● **Try it**
The answer must be a word-for-word copy of the records below, with every picture left out.

(Source data)

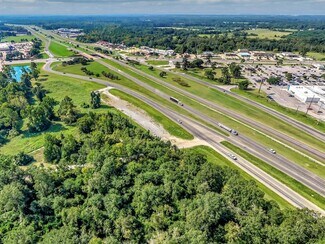 Livingston, TX Commercial Land - US HIGHWAY 59 N loop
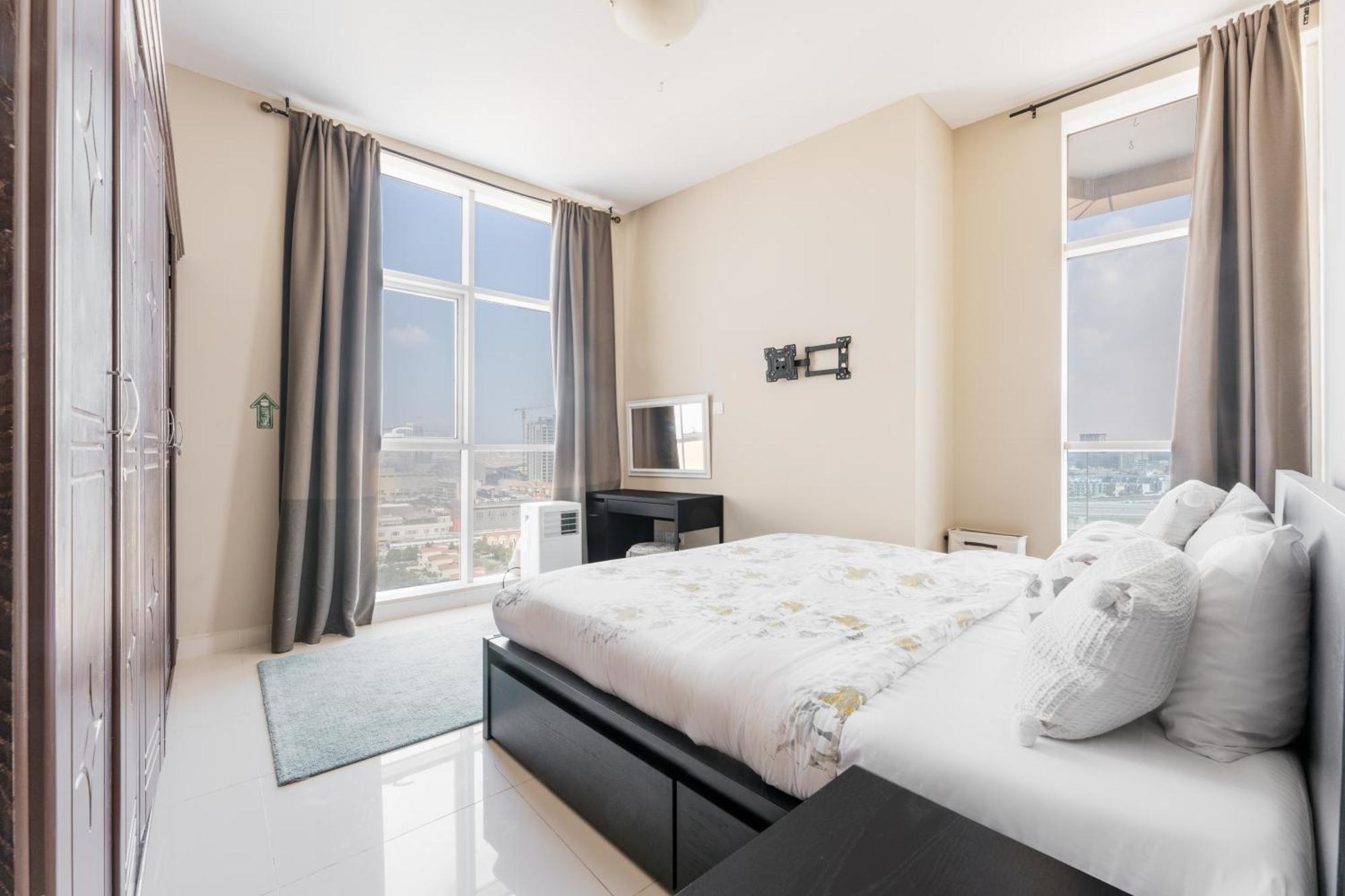 Frank Sinatra's Apartment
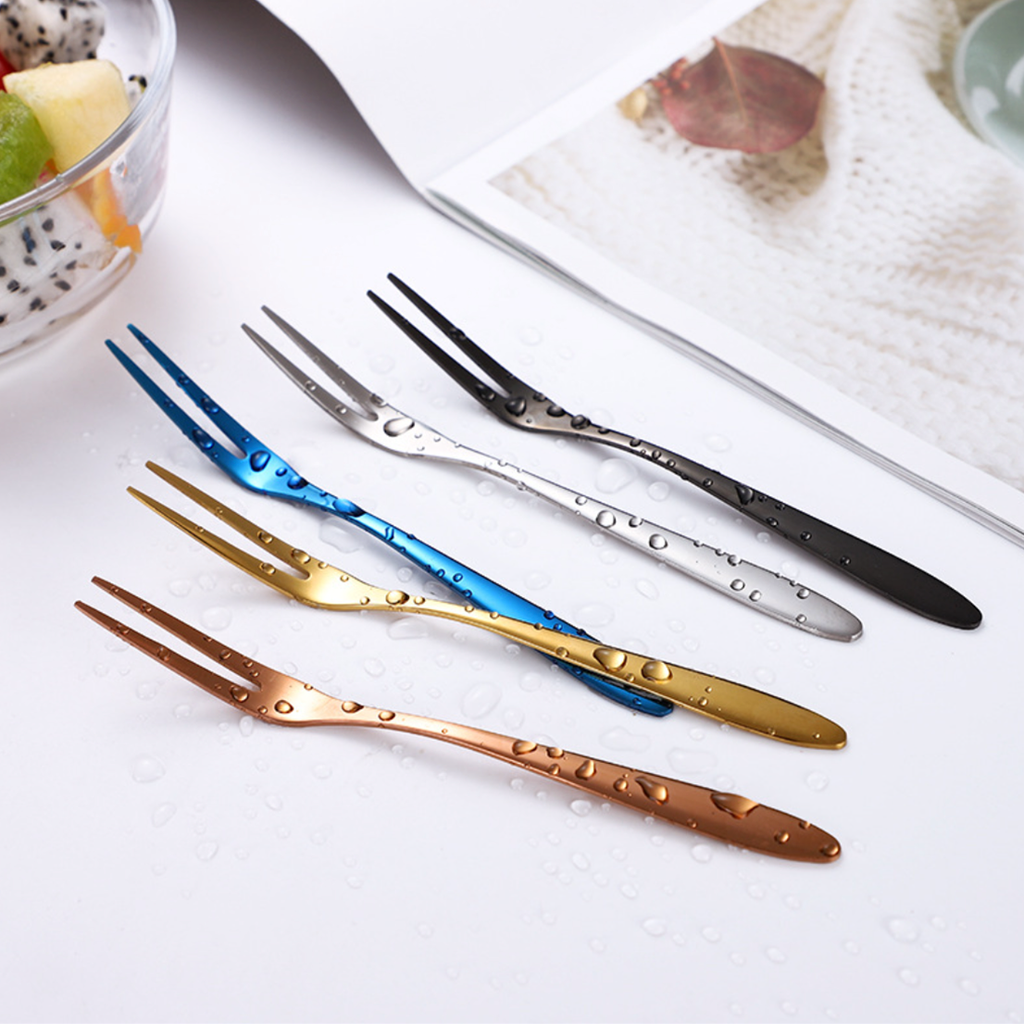Fruit Fork Set Nestasia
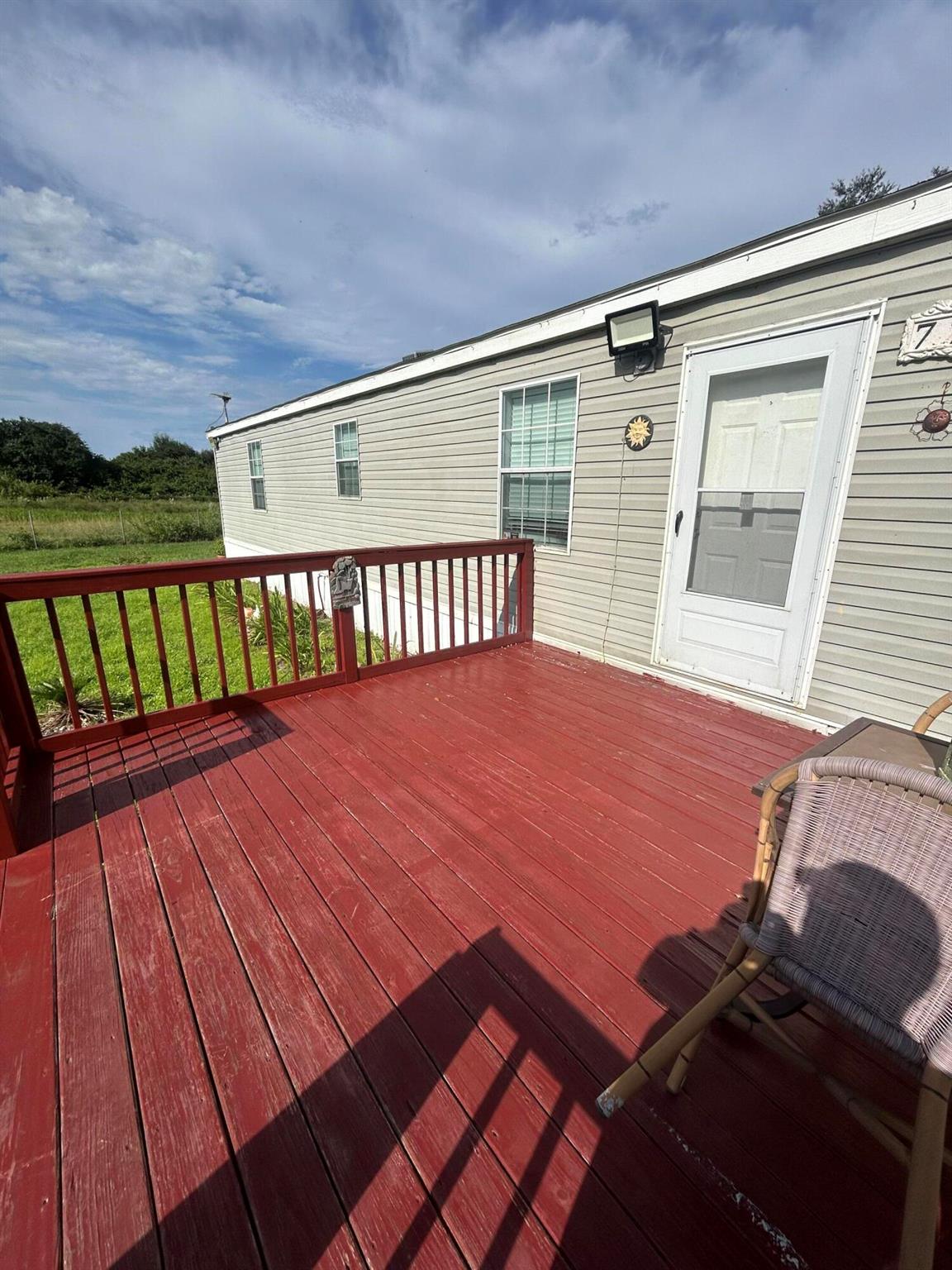 MONTURA RANCH UNREC SEC 15 - Residential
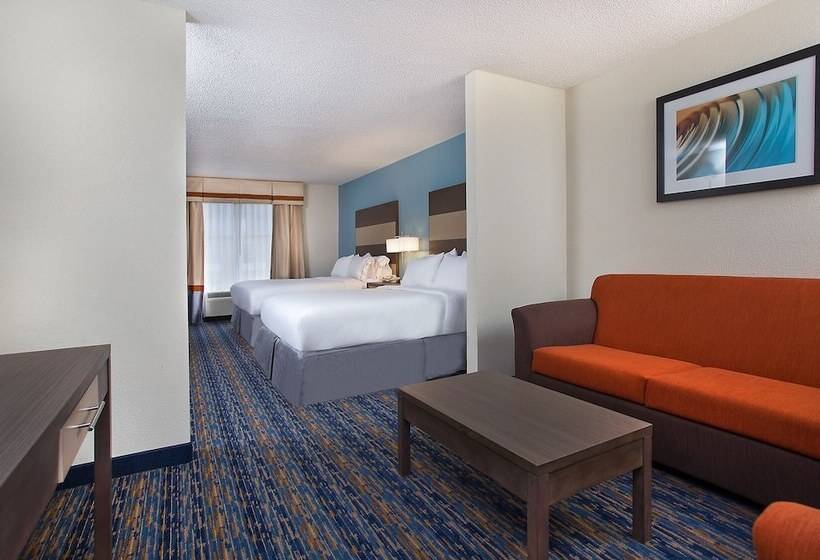فندق Holiday Inn Express Berea, An Ihg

● **Response to this exercise**
 Livingston, TX Commercial Land - US HIGHWAY 59 N loop
 Frank Sinatra's Apartment
Fruit Fork Set Nestasia
 MONTURA RANCH UNREC SEC 15 - Residential
فندق Holiday Inn Express Berea, An Ihg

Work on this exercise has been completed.